* _Task inputs_:
+++
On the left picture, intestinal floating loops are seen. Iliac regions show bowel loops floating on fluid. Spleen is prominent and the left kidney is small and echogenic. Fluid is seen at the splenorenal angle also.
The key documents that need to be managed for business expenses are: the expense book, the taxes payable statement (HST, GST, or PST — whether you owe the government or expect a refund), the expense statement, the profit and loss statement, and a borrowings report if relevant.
+++
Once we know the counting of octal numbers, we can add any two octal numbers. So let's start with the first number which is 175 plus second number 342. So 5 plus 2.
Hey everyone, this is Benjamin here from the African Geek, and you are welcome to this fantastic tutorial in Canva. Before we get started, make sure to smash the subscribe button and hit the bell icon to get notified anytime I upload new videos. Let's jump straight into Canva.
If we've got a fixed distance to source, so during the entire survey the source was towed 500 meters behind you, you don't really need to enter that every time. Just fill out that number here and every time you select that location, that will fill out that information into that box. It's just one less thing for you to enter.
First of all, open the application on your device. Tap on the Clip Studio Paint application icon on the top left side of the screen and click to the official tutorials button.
+++
* _Requirement_: Check every line above for the string "button", and copy the ones that have it.

* _Answer box_:
Hey everyone, this is Benjamin here from the African Geek, and you are welcome to this fantastic tutorial in Canva. Before we get started, make sure to smash the subscribe button and hit the bell icon to get notified anytime I upload new videos. Let's jump straight into Canva.
First of all, open the application on your device. Tap on the Clip Studio Paint application icon on the top left side of the screen and click to the official tutorials button.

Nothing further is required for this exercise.